**INSTRUCTIONS FOR THE TASK**
The entries below must be restated word for word.

Caption-style text data

┌──

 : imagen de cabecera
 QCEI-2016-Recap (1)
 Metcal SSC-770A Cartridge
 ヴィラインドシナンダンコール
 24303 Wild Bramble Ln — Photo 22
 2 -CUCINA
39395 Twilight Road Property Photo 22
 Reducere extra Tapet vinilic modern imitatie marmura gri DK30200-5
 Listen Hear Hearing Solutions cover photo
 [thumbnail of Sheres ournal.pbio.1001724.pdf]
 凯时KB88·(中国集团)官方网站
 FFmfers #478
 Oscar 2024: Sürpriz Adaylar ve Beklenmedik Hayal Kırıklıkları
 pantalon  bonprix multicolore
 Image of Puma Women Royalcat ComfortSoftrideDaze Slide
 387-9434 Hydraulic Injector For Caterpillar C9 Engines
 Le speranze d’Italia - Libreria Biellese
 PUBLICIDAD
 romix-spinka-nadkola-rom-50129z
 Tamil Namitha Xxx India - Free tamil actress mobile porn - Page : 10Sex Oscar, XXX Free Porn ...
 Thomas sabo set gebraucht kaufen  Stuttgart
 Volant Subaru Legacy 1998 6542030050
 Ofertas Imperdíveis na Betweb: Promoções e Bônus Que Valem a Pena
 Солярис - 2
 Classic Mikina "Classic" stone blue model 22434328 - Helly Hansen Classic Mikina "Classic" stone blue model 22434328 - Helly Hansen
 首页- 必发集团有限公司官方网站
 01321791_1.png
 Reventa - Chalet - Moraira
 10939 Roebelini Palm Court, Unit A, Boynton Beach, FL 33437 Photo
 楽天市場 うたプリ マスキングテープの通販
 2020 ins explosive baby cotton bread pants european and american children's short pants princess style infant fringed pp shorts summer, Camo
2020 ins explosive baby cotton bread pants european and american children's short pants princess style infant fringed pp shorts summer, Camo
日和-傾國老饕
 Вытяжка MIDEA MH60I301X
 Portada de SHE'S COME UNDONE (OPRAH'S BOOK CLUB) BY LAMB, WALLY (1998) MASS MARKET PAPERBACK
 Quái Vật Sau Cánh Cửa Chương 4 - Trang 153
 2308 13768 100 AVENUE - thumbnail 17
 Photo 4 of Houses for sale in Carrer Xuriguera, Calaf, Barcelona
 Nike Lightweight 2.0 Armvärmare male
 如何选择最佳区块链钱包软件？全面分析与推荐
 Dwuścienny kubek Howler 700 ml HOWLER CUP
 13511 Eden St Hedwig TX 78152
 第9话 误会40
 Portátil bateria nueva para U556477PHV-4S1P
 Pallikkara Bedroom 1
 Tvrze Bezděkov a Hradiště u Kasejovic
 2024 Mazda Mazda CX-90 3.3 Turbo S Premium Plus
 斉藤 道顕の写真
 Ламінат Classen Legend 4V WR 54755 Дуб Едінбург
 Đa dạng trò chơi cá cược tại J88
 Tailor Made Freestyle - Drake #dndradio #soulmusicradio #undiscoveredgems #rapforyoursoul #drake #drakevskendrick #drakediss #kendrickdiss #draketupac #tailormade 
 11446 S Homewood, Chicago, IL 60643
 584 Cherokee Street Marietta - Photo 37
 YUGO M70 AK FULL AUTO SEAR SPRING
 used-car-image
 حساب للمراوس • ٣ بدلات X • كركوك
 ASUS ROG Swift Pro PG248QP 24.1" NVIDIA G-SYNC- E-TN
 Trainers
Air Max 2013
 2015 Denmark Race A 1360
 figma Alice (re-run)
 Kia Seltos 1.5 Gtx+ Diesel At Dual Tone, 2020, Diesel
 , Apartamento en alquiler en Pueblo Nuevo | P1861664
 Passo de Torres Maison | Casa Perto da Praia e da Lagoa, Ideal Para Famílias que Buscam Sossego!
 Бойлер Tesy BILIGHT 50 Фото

└──

**SOLUTION BELOW**
 : imagen de cabecera
 QCEI-2016-Recap (1)
 Metcal SSC-770A Cartridge
 ヴィラインドシナンダンコール
 24303 Wild Bramble Ln — Photo 22
 2 -CUCINA
39395 Twilight Road Property Photo 22
 Reducere extra Tapet vinilic modern imitatie marmura gri DK30200-5
 Listen Hear Hearing Solutions cover photo
 [thumbnail of Sheres ournal.pbio.1001724.pdf]
 凯时KB88·(中国集团)官方网站
 FFmfers #478
 Oscar 2024: Sürpriz Adaylar ve Beklenmedik Hayal Kırıklıkları
 pantalon  bonprix multicolore
 Image of Puma Women Royalcat ComfortSoftrideDaze Slide
 387-9434 Hydraulic Injector For Caterpillar C9 Engines
 Le speranze d’Italia - Libreria Biellese
 PUBLICIDAD
 romix-spinka-nadkola-rom-50129z
 Tamil Namitha Xxx India - Free tamil actress mobile porn - Page : 10Sex Oscar, XXX Free Porn ...
 Thomas sabo set gebraucht kaufen  Stuttgart
 Volant Subaru Legacy 1998 6542030050
 Ofertas Imperdíveis na Betweb: Promoções e Bônus Que Valem a Pena
 Солярис - 2
 Classic Mikina "Classic" stone blue model 22434328 - Helly Hansen Classic Mikina "Classic" stone blue model 22434328 - Helly Hansen
 首页- 必发集团有限公司官方网站
 01321791_1.png
 Reventa - Chalet - Moraira
 10939 Roebelini Palm Court, Unit A, Boynton Beach, FL 33437 Photo
 楽天市場 うたプリ マスキングテープの通販
 2020 ins explosive baby cotton bread pants european and american children's short pants princess style infant fringed pp shorts summer, Camo
2020 ins explosive baby cotton bread pants european and american children's short pants princess style infant fringed pp shorts summer, Camo
日和-傾國老饕
 Вытяжка MIDEA MH60I301X
 Portada de SHE'S COME UNDONE (OPRAH'S BOOK CLUB) BY LAMB, WALLY (1998) MASS MARKET PAPERBACK
 Quái Vật Sau Cánh Cửa Chương 4 - Trang 153
 2308 13768 100 AVENUE - thumbnail 17
 Photo 4 of Houses for sale in Carrer Xuriguera, Calaf, Barcelona
 Nike Lightweight 2.0 Armvärmare male
 如何选择最佳区块链钱包软件？全面分析与推荐
 Dwuścienny kubek Howler 700 ml HOWLER CUP
 13511 Eden St Hedwig TX 78152
 第9话 误会40
 Portátil bateria nueva para U556477PHV-4S1P
 Pallikkara Bedroom 1
 Tvrze Bezděkov a Hradiště u Kasejovic
 2024 Mazda Mazda CX-90 3.3 Turbo S Premium Plus
 斉藤 道顕の写真
 Ламінат Classen Legend 4V WR 54755 Дуб Едінбург
 Đa dạng trò chơi cá cược tại J88
 Tailor Made Freestyle - Drake #dndradio #soulmusicradio #undiscoveredgems #rapforyoursoul #drake #drakevskendrick #drakediss #kendrickdiss #draketupac #tailormade 
 11446 S Homewood, Chicago, IL 60643
 584 Cherokee Street Marietta - Photo 37
 YUGO M70 AK FULL AUTO SEAR SPRING
 used-car-image
 حساب للمراوس • ٣ بدلات X • كركوك
 ASUS ROG Swift Pro PG248QP 24.1" NVIDIA G-SYNC- E-TN
 Trainers
Air Max 2013
 2015 Denmark Race A 1360
 figma Alice (re-run)
 Kia Seltos 1.5 Gtx+ Diesel At Dual Tone, 2020, Diesel
 , Apartamento en alquiler en Pueblo Nuevo | P1861664
 Passo de Torres Maison | Casa Perto da Praia e da Lagoa, Ideal Para Famílias que Buscam Sossego!
 Бойлер Tesy BILIGHT 50 Фото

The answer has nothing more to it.